Dźwięk w rewelacyjnym Dolby Digital 5.1, efektownym i przestrzennym. W sekwencjach akcyjnych surround jest idealny: świszczą strzały, krzyczą wojownicy, szczękają miecze. Bardzo zapracowany jest subwoofer, a generowane przez niego basy imponują głębią i mocą: rozwalanie skał, bramy czy więzienia tytanów strzałą z łuku Epirusa zakatowuje w momencie bębenki uszne grzmotem, którego echo rozlega się dookoła. Szybująca w powietrzu włócznia z mocnym świstem sunie od tyłu do przodu (radzimy w ramach eksperymentu zamknąć oczy!), lądowanie Zeusa na ziemi ma moc startu rakiety kosmicznej. Świetnie brzmi potyczka w tunelu, dźwięki oręża rozchodzą się zupełnie inaczej niż na otwartym polu: są bardziej skumulowane i bardziej dosadne.
BONUSY
Jest kilka bardzo krótkich wywiadów z aktorami i reżyserem, w których powtarzają się właściwie główne myśli, a przede wszystkim ta, że to nazwisko reżysera spowodowało, że wzięli udział w tym projekcie.
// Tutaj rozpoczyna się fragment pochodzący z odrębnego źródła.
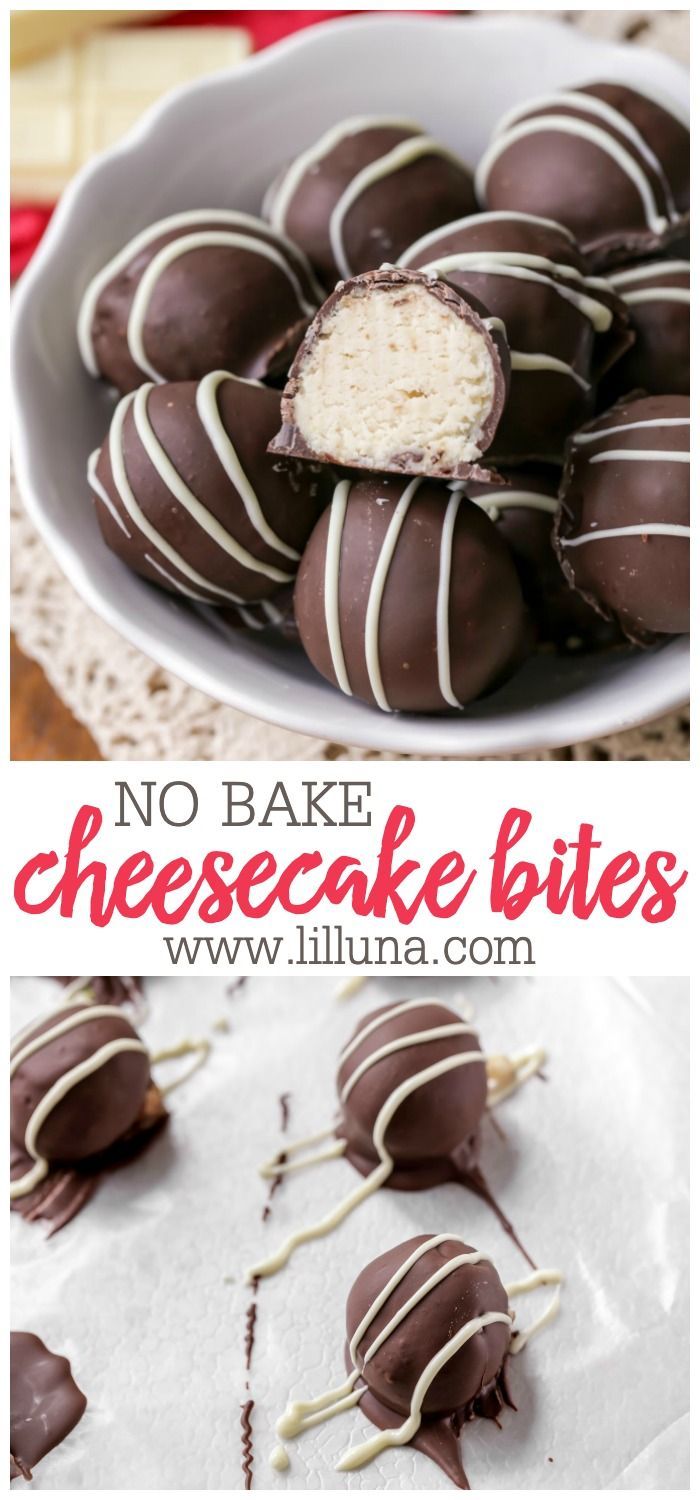 no bake cheesecake bites with chocolate in the middle and on the bottom, there is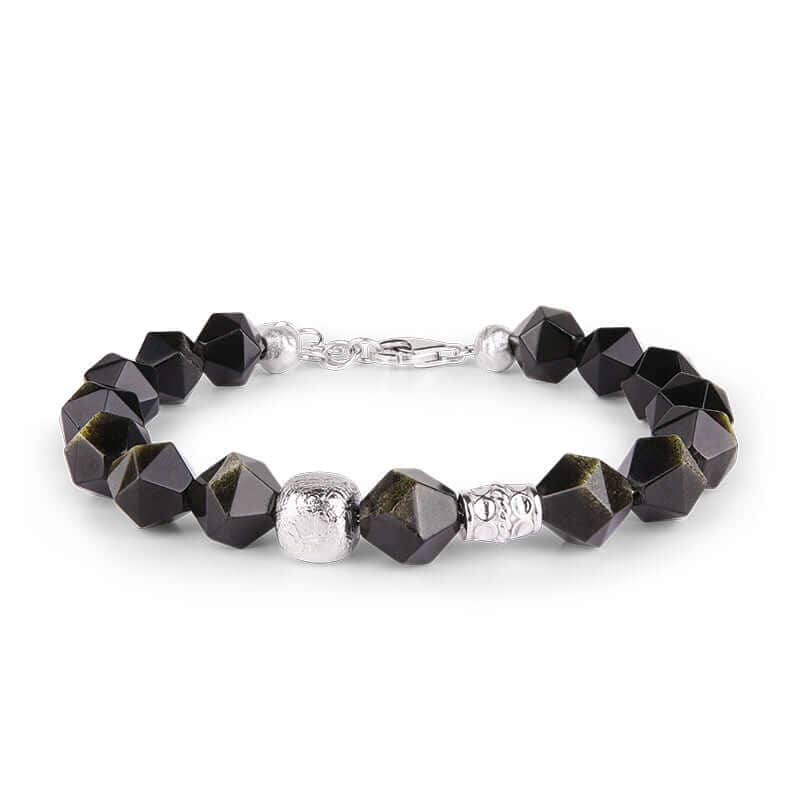 Obsidian mens bracelet top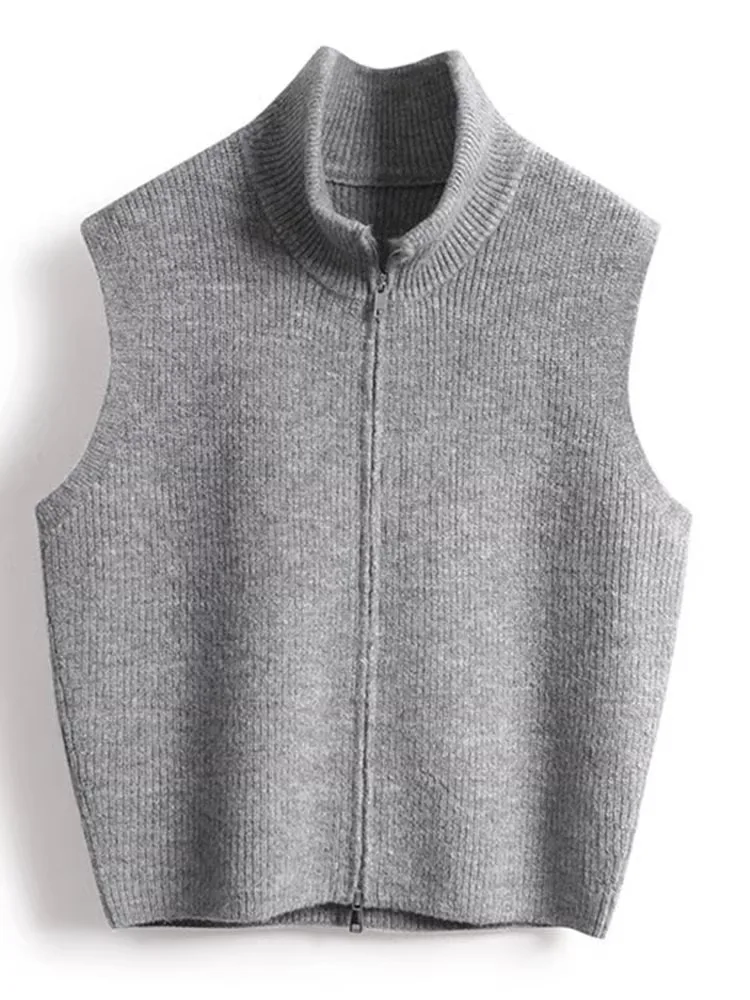 سترة صوفية مفتوحة محبوكة من الصوف البسيط الأنيق، سترة علوية بسحاب مزدوج، تصميم مريح، أنيق، شبابي #3
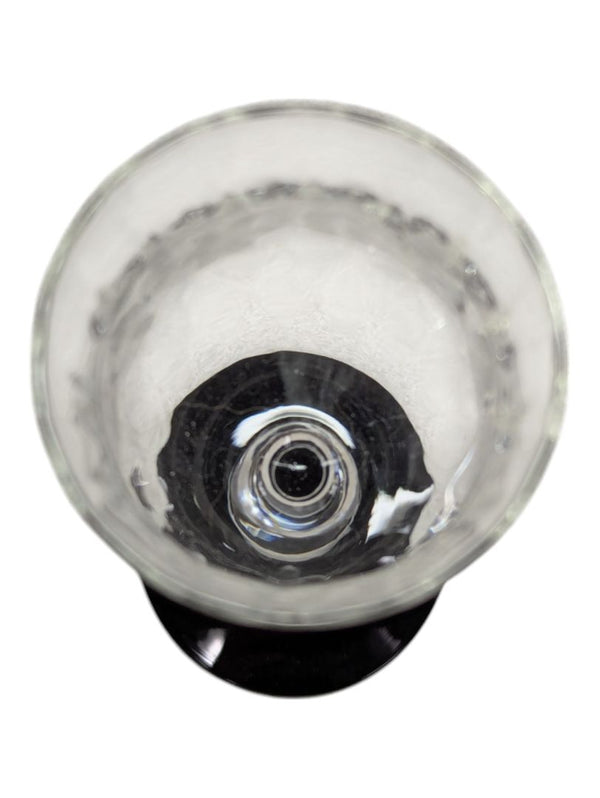 Glass goblet with tinted foot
Henry Cavill (Tezeusz) opowiada o 8-godzinnych treningach na siłowni, które sprawiły, że ruchy stały się płynniejsze, a Freida Pinto (Fedra) o hiperaktywności Tarsema Singha, który nawet zwykłe polecenia nieświadomie wykrzykuje na głos. Są oczywiście zwiastuny i tym razem również krótki, bo parominutowy, reportaż z planu.